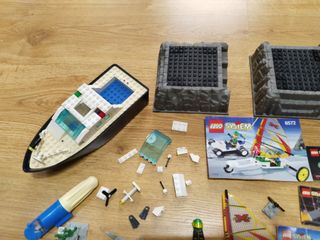 Lote LEGO Varias Temáticas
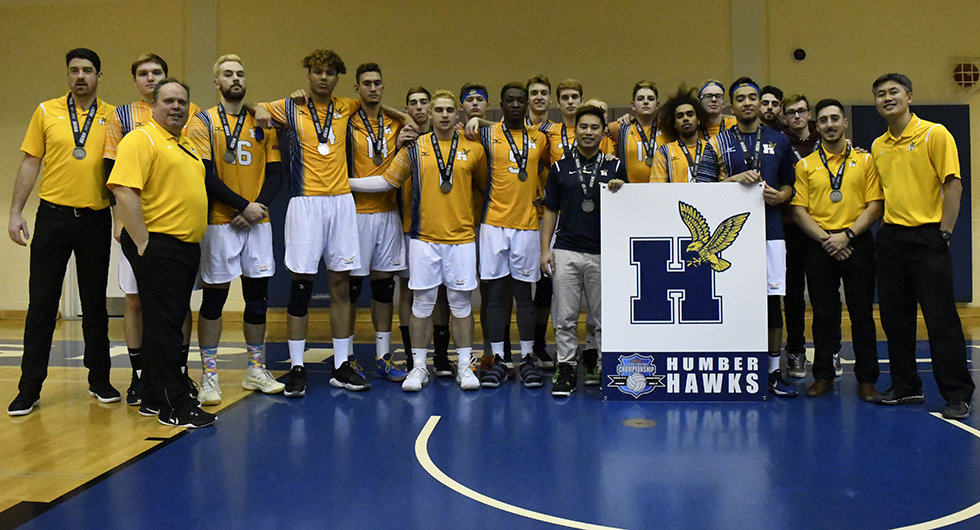 HAWKS TURN IN SILVER MEDAL PERFORMANCE AT PROVINCIALS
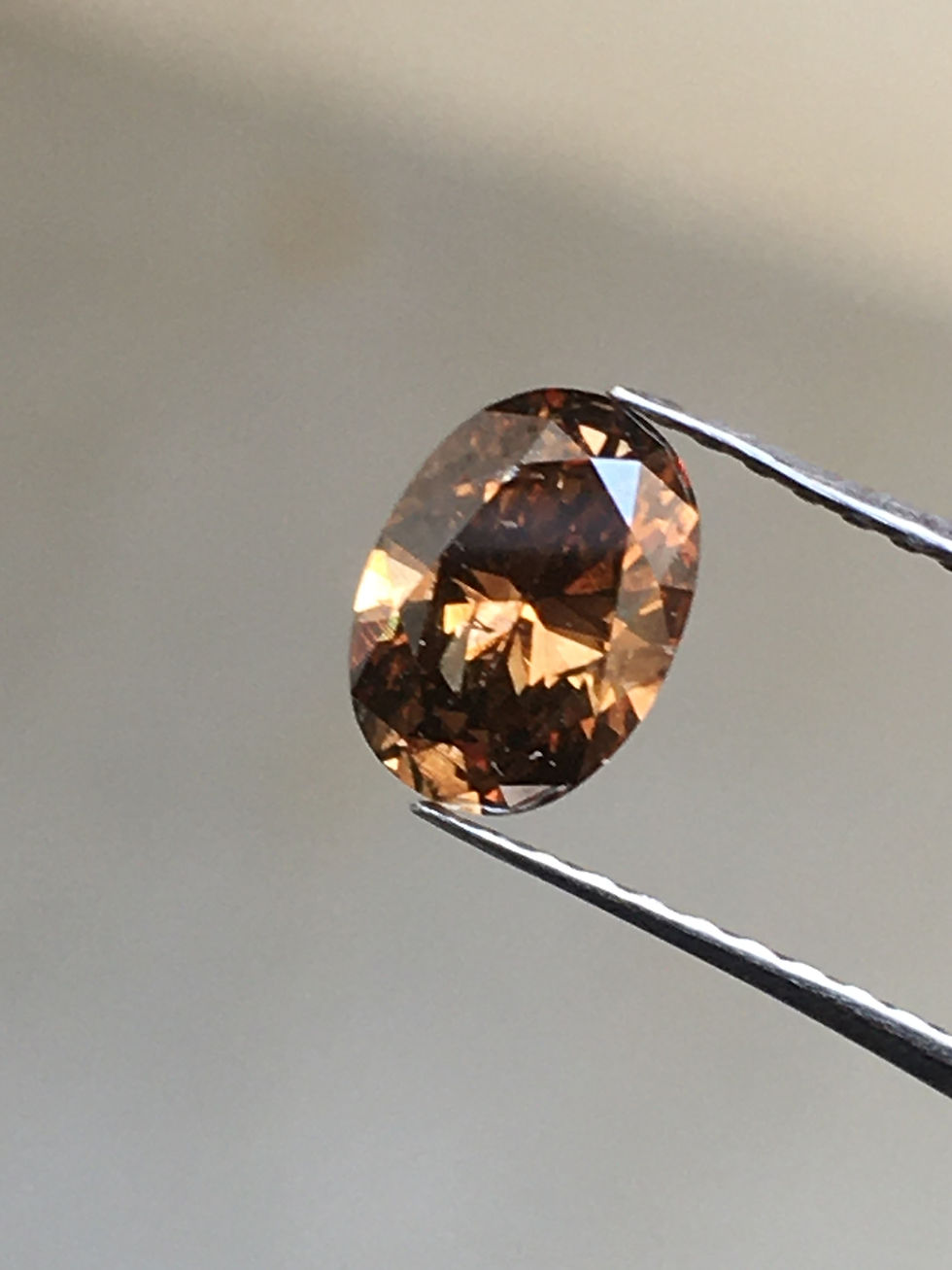 Thumbnail: 0.56 CT 6.3 X 4.6 MM Natural Fancy Oval Brilliant cut Diamond for Diamond Ring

○ ○ ○ ○

## [About this exercise]
Set down the data above exactly as written. Omit the pictures.

## [Exercise solution]
 Lote LEGO Varias Temáticas
 HAWKS TURN IN SILVER MEDAL PERFORMANCE AT PROVINCIALS
 Thumbnail: 0.56 CT 6.3 X 4.6 MM Natural Fancy Oval Brilliant cut Diamond for Diamond Ring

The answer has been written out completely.